神さま、我が道をゆく。
いつもご覧頂きありがとうございます。
昨日来客がありろくに書けず、今日ハロワ行かねばならんので短いです。
ご了承ください。
町長さんこと、ゴルカさんを街の代表に。
何でもすると言質を取ってたヌリアさんを、その秘書的な補助要因に。
フリアンくんはその二人の働きっぷりを見て育ち、ゆくゆくは二代目代表に。
そんな将来を夢見て、大雑把にだが街の指針が決まった。
「……という訳で、王都に到着しました」
「「どういう訳だよ!!」」
夕焼けを背景に、全力でツッコミを喰らった。
うんうん、息がピッタリ合っておりますな。
どういう訳と聞かれましても。
ある程度の道筋が決まったら、あとは実際に街に住む人達が営み築き、発展させていくのが人口集中地区というものだ。

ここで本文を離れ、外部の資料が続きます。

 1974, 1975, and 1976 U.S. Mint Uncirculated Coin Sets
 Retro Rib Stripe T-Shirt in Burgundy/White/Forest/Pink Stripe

もちろん造った責任は、ある程度ではあるが多少なりとも持とうと一応思ってはいる。
軌道に乗るまではちょくちょく顔を出して、不都合がないかの確認を取り、必要であれば手を貸すつもりだ。
ゴルカさんにも、意見や陳述があれば、まとめておいて欲しいとお願いしてある。
だが、たまにしか訪れない、短期間しか滞在しない俺たちはお客様。
言ってしまえば、もう部外者でしかない。
今出来ることはないのだから、ならば自分たちの目的を遂行した方が有益だ。
時間は有限なのだから。
そうなると、中途半端な時間ではあるが、タダでさえ俺とカノンの旅の日程が押している中、街でもう一泊するのは時間のムダに思えた。
村の人たち全員に霊力が宿ったのか、その霊力の保有量は個体差でどれ程あるのか。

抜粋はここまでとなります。